*Exercise objective*
Please print, exactly, only the lines in the entries below from the line that has "this 400×300 image." through the line that has "this 640×480 image.". Pictures don't go in.

*Data shown*
□ □ □ □ □ □ □

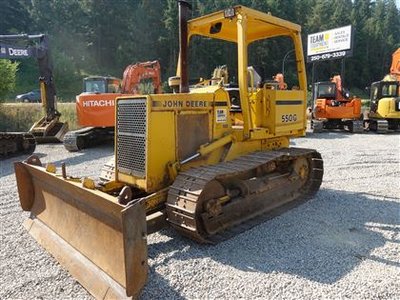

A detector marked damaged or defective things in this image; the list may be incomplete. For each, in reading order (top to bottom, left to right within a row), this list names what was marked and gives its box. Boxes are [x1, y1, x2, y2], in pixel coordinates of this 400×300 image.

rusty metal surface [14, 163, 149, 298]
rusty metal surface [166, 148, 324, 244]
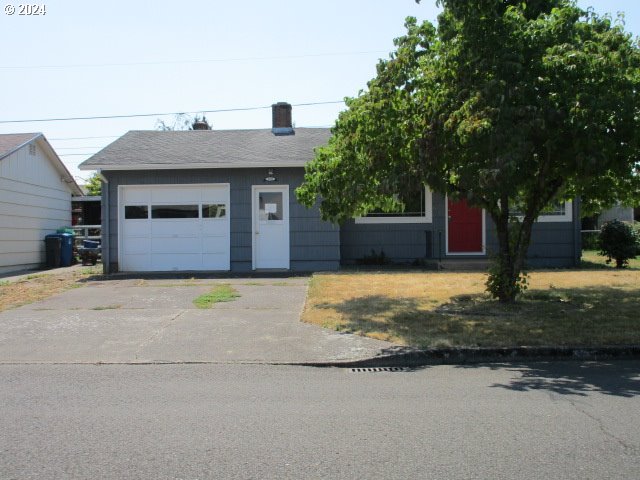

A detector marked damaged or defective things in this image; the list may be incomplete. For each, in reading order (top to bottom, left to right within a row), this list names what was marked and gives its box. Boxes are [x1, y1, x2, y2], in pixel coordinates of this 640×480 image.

□ □ □ □ □ □ □

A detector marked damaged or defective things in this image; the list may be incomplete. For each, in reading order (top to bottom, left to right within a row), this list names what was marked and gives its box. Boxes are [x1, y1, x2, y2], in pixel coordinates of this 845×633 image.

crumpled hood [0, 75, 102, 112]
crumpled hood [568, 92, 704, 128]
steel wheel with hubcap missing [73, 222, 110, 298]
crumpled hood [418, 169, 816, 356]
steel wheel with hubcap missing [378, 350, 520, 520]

□ □ □ □ □ □ □

*Response area*
A detector marked damaged or defective things in this image; the list may be incomplete. For each, in reading order (top to bottom, left to right within a row), this list names what was marked and gives its box. Boxes are [x1, y1, x2, y2], in pixel coordinates of this 400×300 image.

rusty metal surface [14, 163, 149, 298]
rusty metal surface [166, 148, 324, 244]

A detector marked damaged or defective things in this image; the list may be incomplete. For each, in reading order (top to bottom, left to right within a row), this list names what was marked and gives its box. Boxes are [x1, y1, x2, y2], in pixel coordinates of this 640×480 image.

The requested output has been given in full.